Sentinel site community surveillance of mortality and nutritional status in southwestern Central African Republic, 2010
1 European Programme for Intervention Epidemiology Training (EPIET), European Centre for Disease Prevention and Control (ECDC), Stockholm, Sweden
2 Epicentre, 8 rue Saint-Sabin, Paris, France
3 Médecins Sans Frontières, Operational Centre Barcelona-Athens, Nou de la Rambla, 26, Barcelona, Spain
4 Health and Nutrition Tracking Service, Geneva, Switzerland
5 Faculty of Infectious and Tropical Diseases, London School of Hygiene and Tropical Medicine, Keppel Street, London, United Kingdom
Population Health Metrics 2012, 10:18 doi:10.1186/1478-7954-10-18Published: 4 September 2012
During 2010, a community-based, sentinel site prospective surveillance system measured mortality, acute malnutrition prevalence, and the coverage of a Médecins Sans Frontières (MSF) intervention in four sous-préfectures of Lobaye prefecture in southwestern Central African Republic. We describe this surveillance system and its evaluation.

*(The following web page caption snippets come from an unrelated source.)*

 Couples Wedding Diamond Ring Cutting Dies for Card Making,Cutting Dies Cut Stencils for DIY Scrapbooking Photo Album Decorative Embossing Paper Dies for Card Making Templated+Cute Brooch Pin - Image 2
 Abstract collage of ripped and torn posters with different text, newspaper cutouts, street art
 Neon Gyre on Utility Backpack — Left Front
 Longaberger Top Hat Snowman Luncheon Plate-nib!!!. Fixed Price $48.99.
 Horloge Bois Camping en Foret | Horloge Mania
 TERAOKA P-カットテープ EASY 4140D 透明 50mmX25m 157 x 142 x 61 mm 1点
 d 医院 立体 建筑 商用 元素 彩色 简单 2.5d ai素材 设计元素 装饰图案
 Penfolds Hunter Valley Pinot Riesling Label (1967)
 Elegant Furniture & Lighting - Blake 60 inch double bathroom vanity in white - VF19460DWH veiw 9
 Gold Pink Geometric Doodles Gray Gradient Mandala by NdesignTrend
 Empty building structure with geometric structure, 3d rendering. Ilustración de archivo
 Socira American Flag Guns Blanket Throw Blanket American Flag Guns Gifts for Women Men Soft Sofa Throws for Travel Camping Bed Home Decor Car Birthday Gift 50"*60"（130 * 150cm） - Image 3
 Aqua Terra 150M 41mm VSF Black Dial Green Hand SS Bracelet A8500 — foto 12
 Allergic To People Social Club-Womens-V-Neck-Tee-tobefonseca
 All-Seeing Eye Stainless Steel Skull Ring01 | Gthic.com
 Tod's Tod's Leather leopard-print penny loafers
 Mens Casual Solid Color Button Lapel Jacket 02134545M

Within 24 randomly selected sentinel sites, home visitors performed a census, weekly demographic surveillance of births, deaths, and in- or out-migration, and weekly anthropometry on a sample of children. We evaluated the system through various methods including capture-recapture analysis and repeat census.
The system included 18,081 people at baseline. Over 32 weeks, the crude death rate was 1.0 (95% confidence interval [CI]: 0.8-1.2) deaths per 10,000 person-days (35 deaths per 1,000 person-years), with higher values during the rainy season. The under-5 death rate was approximately double. The prevalence of severe acute malnutrition (SAM) was 3.0% (95% CI: 2.3-4.0), almost half featuring kwashiorkor signs. The coverage of SAM treatment was 29.1%. The system detected >90% of deaths, and >90% of death reports appeared valid. However, demographic surveillance yielded discrepancies with the census and an implausible rate of population growth, while the predictive value of SAM classification was around 60%.
We found evidence of a chronic health crisis in this remote region. MSF's intervention coverage improved progressively. Mortality data appeared valid, but inaccuracies in population denominators and anthropometric measurements were noted. Similar systems could be implemented in other remote settings and acute emergencies, but with certain technical improvements.